神話に登場する国譲り神話は、この国造家がその権威を大和朝廷から次第に剥奪され、ついには出雲大社の神官というだけの地位までになり、意宇郡の大半の権利を平安期に剥奪され、現在の大社町を中心とする西出雲に押し込められた形となった経緯を神話として今に伝えていると考えられる。

古代出雲 - Wikipedia

ウィキペディアにはこういう解釈がまるで「定説」であるかのように書かれている。ネットを検索してみても、これとは違うバージョンもあるけれど、要するにヤマト王権がイズモを剥奪した歴史を「神話化」したものだという解釈が多い。

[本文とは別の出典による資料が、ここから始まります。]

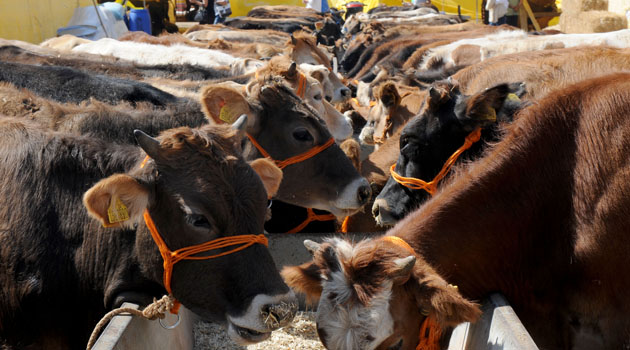 Накануне праздника цена на жертвенных животных выросла в Турции на 15-20 %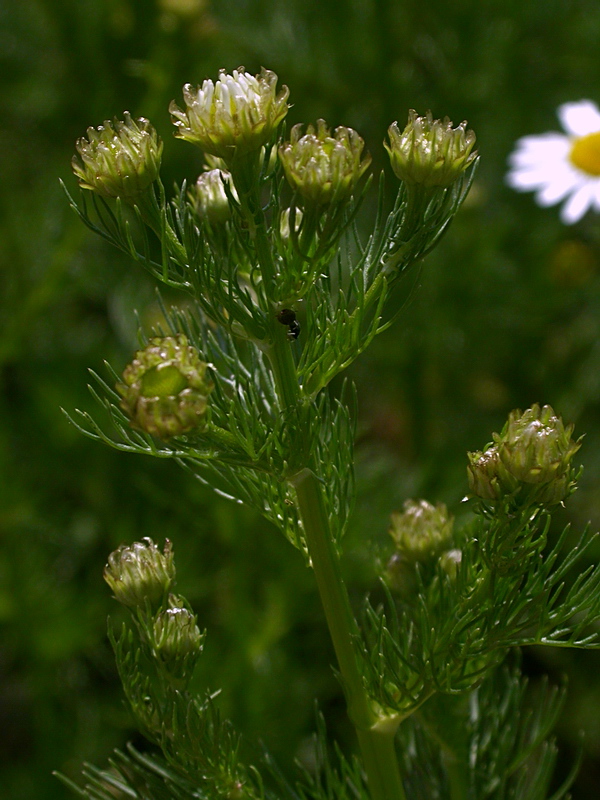 Изображение особи Tripleurospermum inodorum.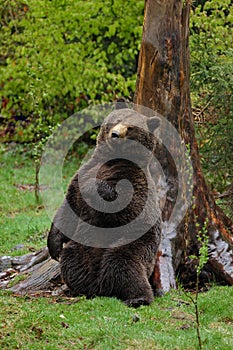 Brown bear, Ursus arctos, hideen scratch back on the the tree trunk in the forest photo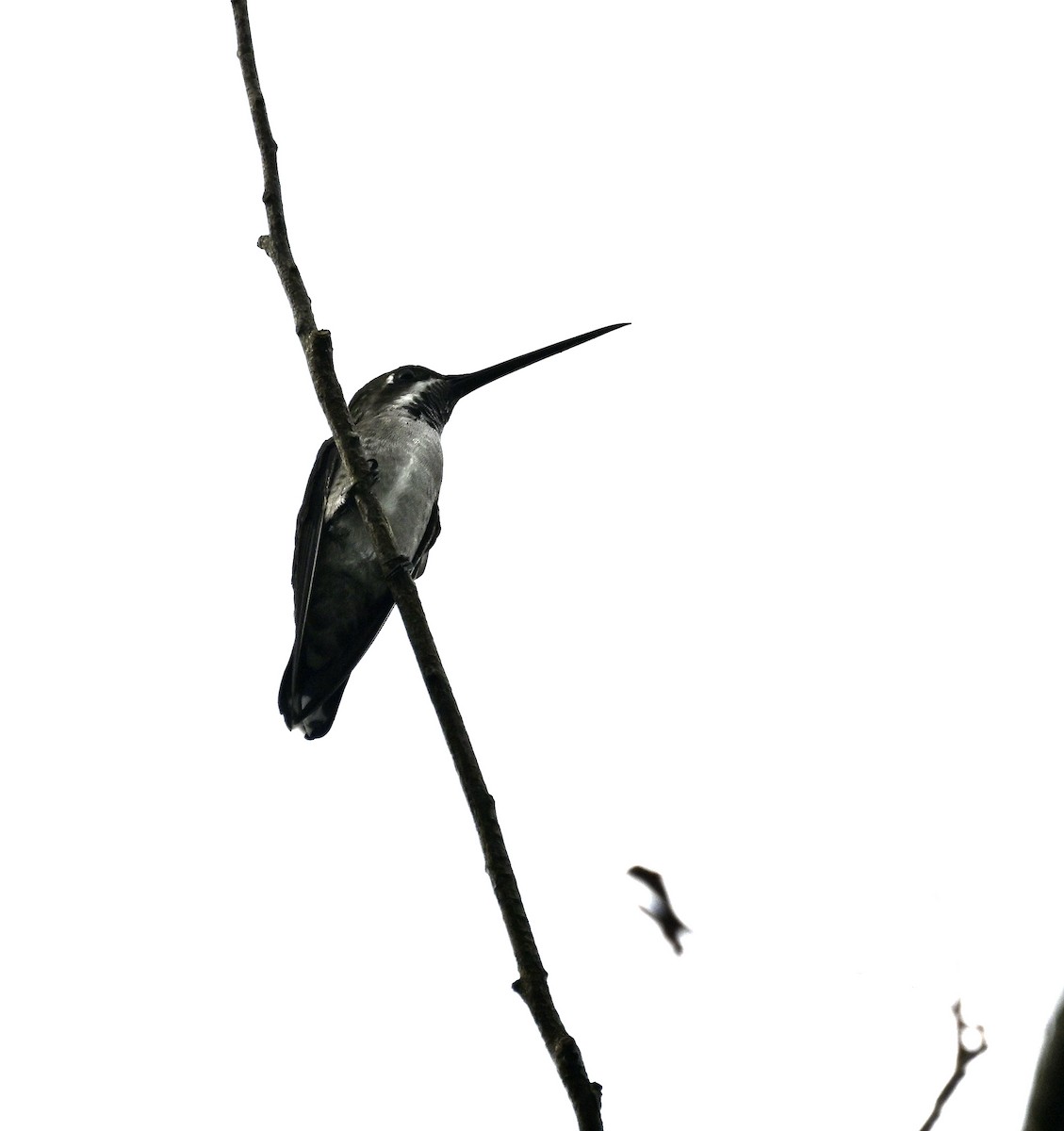 kolibřík achátový - ML616578380
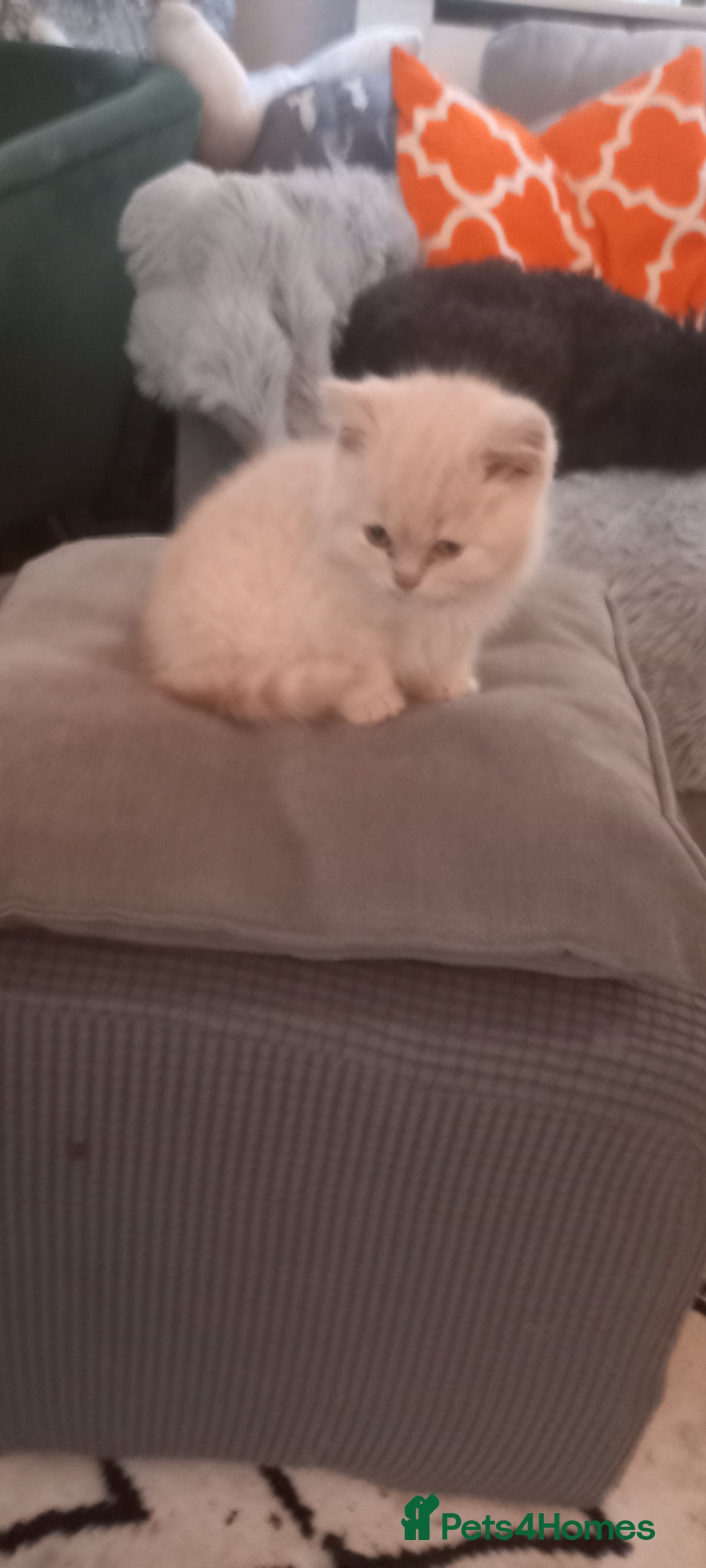 British Shorthair cats for sale: British Shorthair - Image 1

出雲神話はそのようなものではないと主張すればトンデモ視されかねない。しかし、おそらく今でも「定説」はむしろ、「史実ではない」というものではないかと思われ、このあたり非常にややこしくて、何が何だかよくわからない状態。


それはともかく「神話を神話として解釈する」という立場の俺からすれば、大己貴神(オオアナムチ、大国主)の国譲りの神話は、素直に読めば、それはヤマト王権がイズモを剥奪した話でないのは明らかなのであり、そのような解釈は「神話の改竄」だと言いたくなる。


葦原中国平定 - Wikipedia


一番肝心なのオオアナムチが合意の上で国を譲ったのか、本当は強引に奪われたのかということではなく、オオアナムチが譲ったのは日本の一地域であるイズモ地方ではなくて「葦原中国」つまり「日本」を譲ったのだということ。「日本書紀」の本文を素直に読めばそうなる。


これを、日本国外からやってきた勢力が、旧支配勢力を追い出して日本を支配した話だとするなら、まだわからなくもないが、ヤマト王権がイズモ地方を剥奪した話だとするのは、かなり強引な解釈だと思う。しかし、そう思わない人がいっぱいいるらしい。不思議。